We retreat to the Central with The Gav. It’s tremendously chilly in the revamped beer garden, which is now being renovated in a fetching distressed concrete Mad Max post-apocalyptic theme.

“It will be better next season,” predicts Matt with undue boldness, who is also considering betting £50 on an October election. “In any other year we’d have gone down on 35 points but we’ve got away with it.”

Although there are also certain, ahem, creative tensions within the squad to reconcile. After the match Luis Boa Morte, speaking with the freedom of a man out of contract, lays into the Club Landlord: “Mr Sullivan should have a bit more composure when he talks to the press to hammer the players, it's not helping anyone. The fact you have money doesn't mean you can say and do whatever you want.”

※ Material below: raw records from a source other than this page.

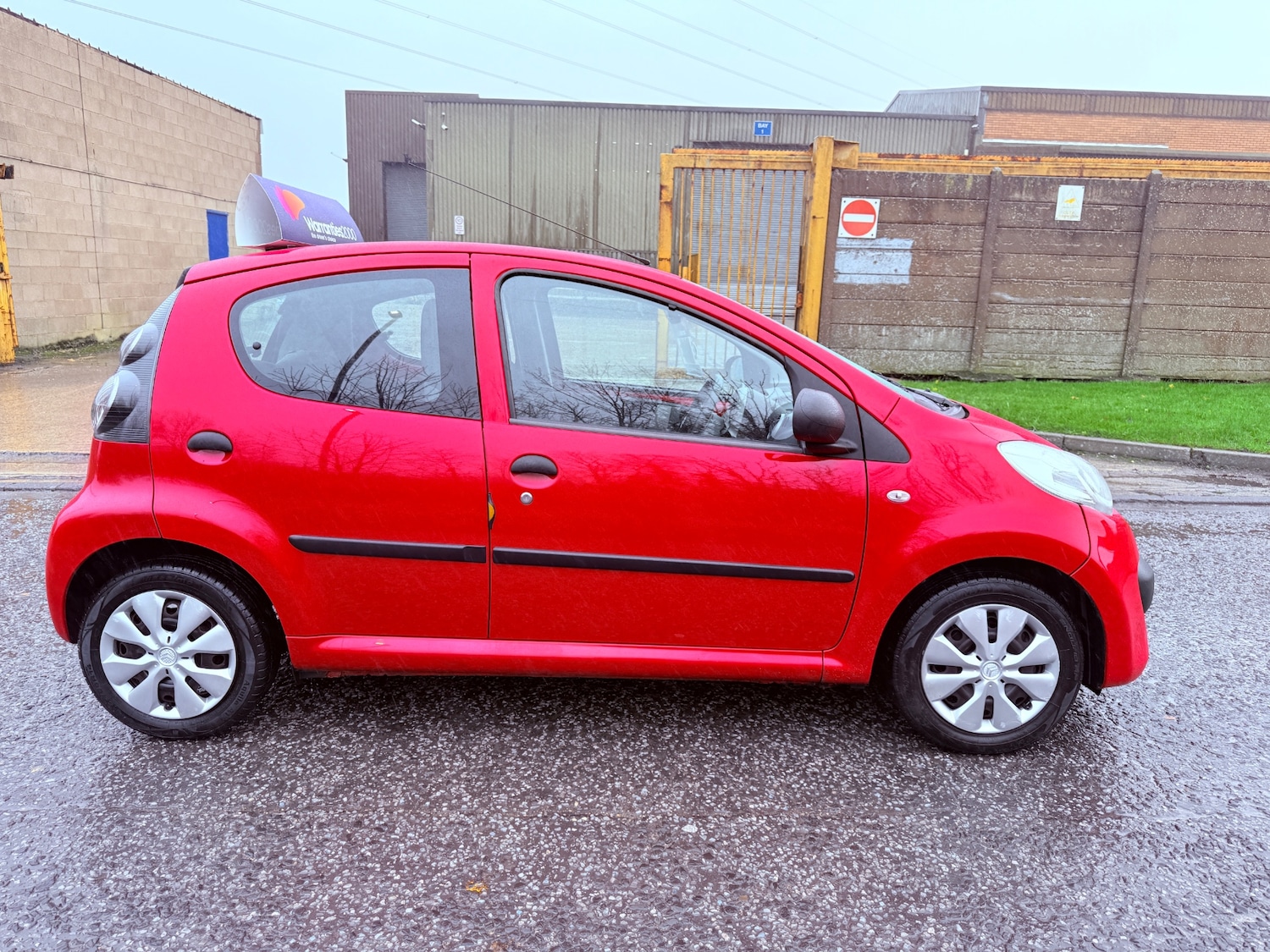 Used Citroen C1 2005 for sale - 76559617: Photo 2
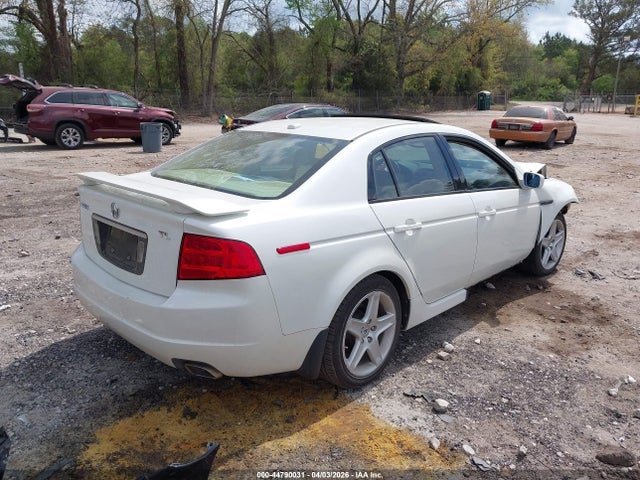 44790031 :رقم المزاد ، 19UUA66286A068478 vin ، 2006 Acura Tl مزاد بيع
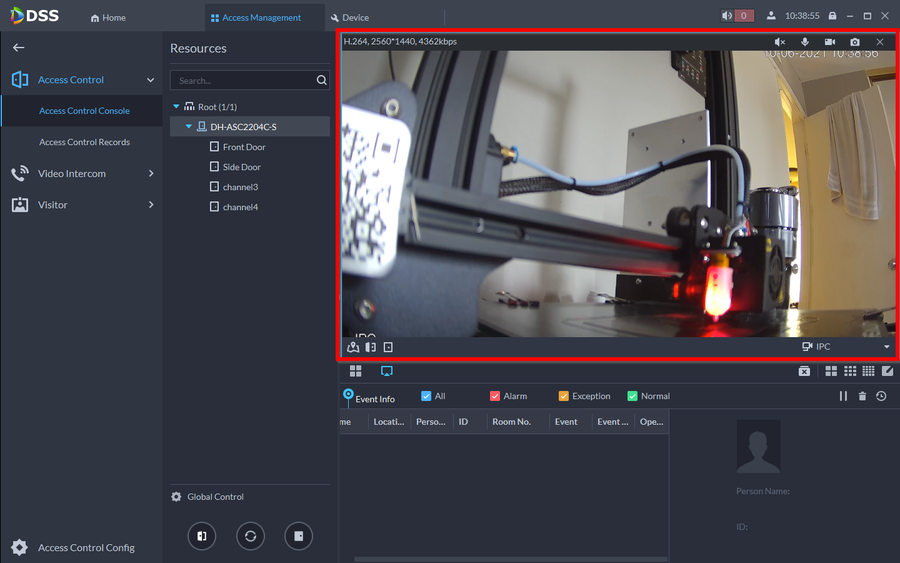 How to Integrate Dahua IPC to Access Control on DSSExpress V8-15.png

Meanwhile Zola announces that on Tuesday he will have “a long and interesting chat” with the owners and the season ticket blurb promises “New season, New Era. New Heroes.”

We shall see.


kokorako said...

Just thought I'd leave my score for this blog. I reckon it's a 4/10this season given the amount of human misery following West Ham this season has given the writer (I'm talking from the home stand. Just think no footie games until August, apart from the Cup Final, and the World Cup and pre-season friendlies... Pete, you'll be alright, it's very little cold turkey even for a veggie. LOL, N x

Pete May said...

I am standing down from West Ham to spend more time with my family... until the next pre-season friendly at Southend...

matt said...

News alert! Two blokes in dubious claret jackets open negotiations with various managers to form a strong and stable coalition designed to get the club out of this financial crisis...

Pete May said...

I think we should form an alliance with Roy Hodgson, strictly in the national interest of course.